### EXTRACTED RECORDS
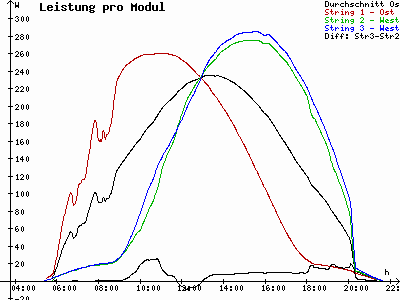 Grafik 2023-06-04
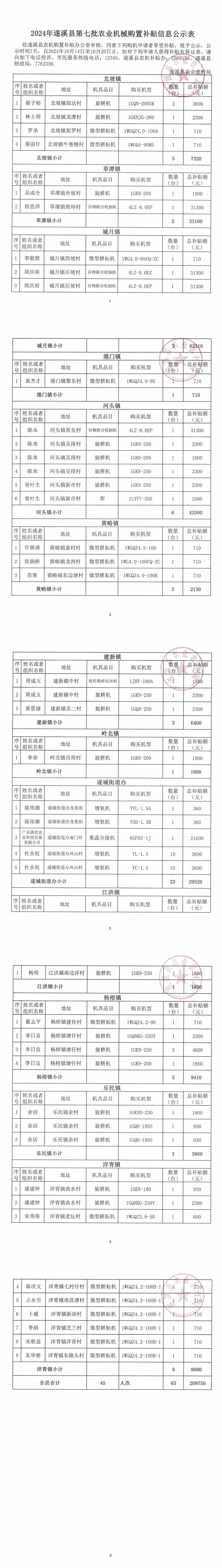 2024年遂溪縣第七批農(nóng)業(yè)機(jī)械購(gòu)置補(bǔ)貼信息公示表_00.png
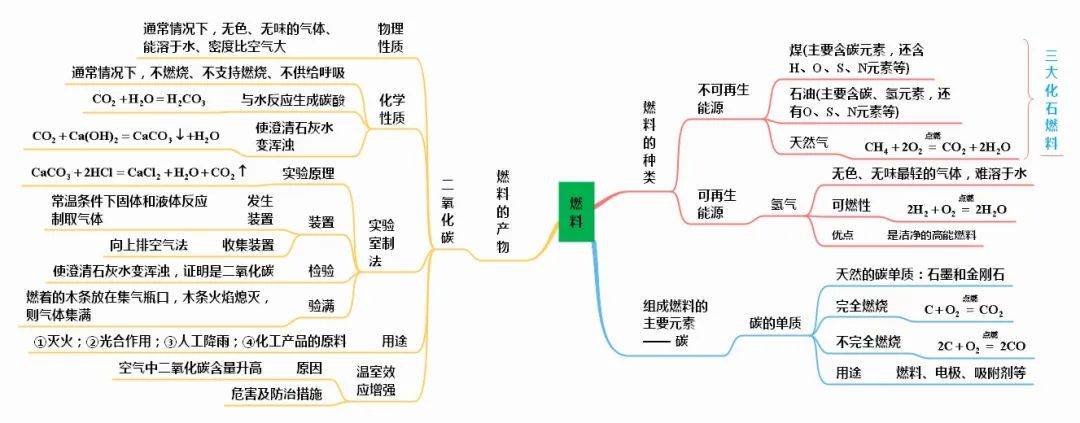 初中化学全册思维导图汇总(人教版/鲁教版/沪教版/科粤版)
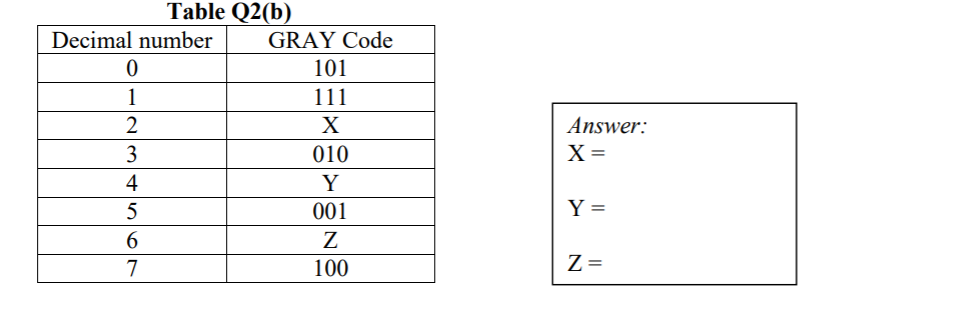 Table Q2(b)
Decimal number
GRAY Code
101
1
111
2
X
Answer:
3
010
X=
4
Y
5
001
Y =
6.
Z
7
100
Z =
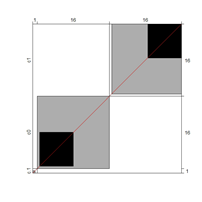 Ijerph 18 00764 i008 Ijerph 18 00764 i008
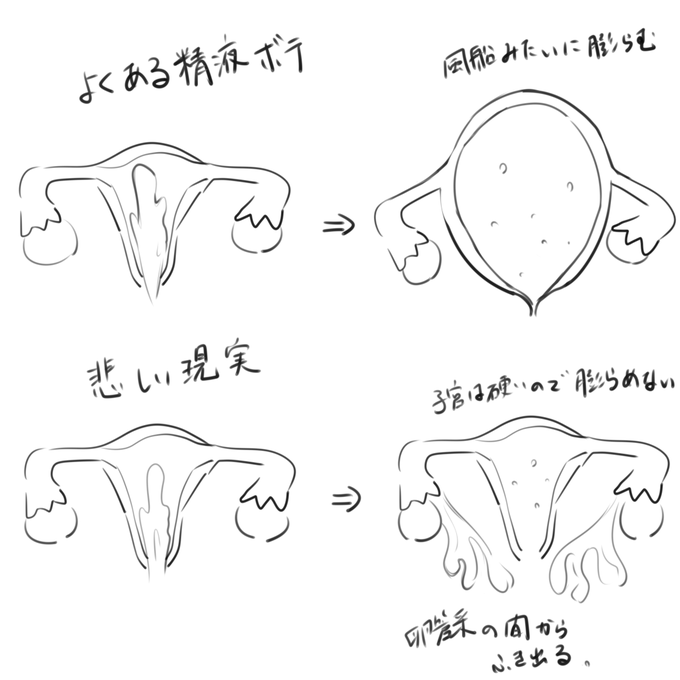 かなしい現実の書きなぐり 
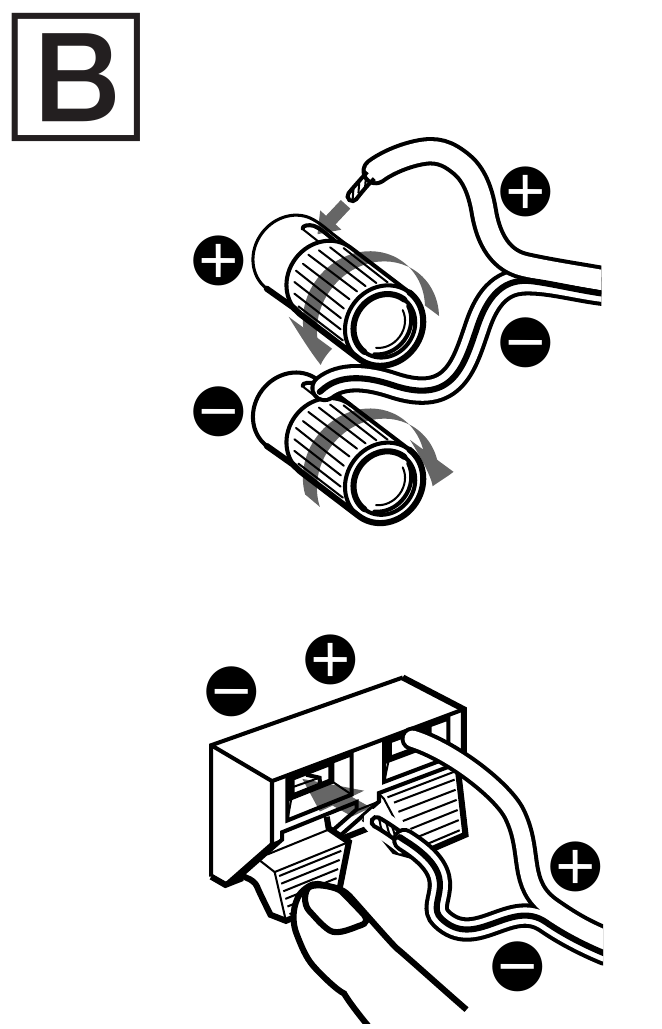 Make sure the (+) and the (&ndash;) terminals on the speakers are matched 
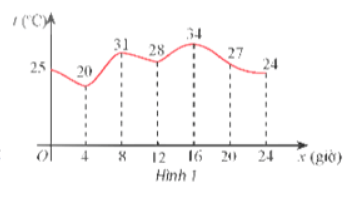 Giải Toán 12 trang 14
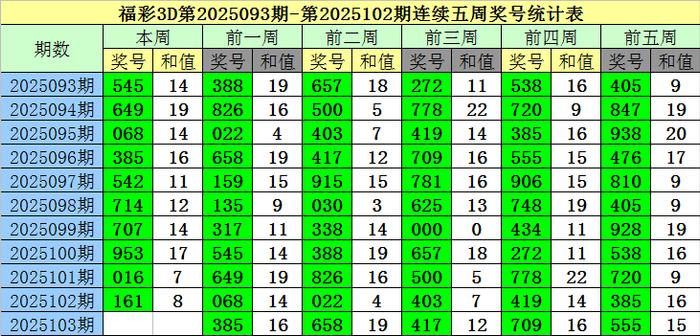 【】505 Games發行的篇游冒險遊戲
######
EXERCISE PROMPT
Beginning with the line that contains "Ijerph 18 00764 i008 Ijerph 18 00764 i008" and ending with the final line of the entries, every line must be copied exactly; the pictures must not.

RESULT FOR THIS EXERCISE
 Ijerph 18 00764 i008 Ijerph 18 00764 i008
 かなしい現実の書きなぐり 
 Make sure the (+) and the (&ndash;) terminals on the speakers are matched 
 Giải Toán 12 trang 14
 【】505 Games發行的篇游冒險遊戲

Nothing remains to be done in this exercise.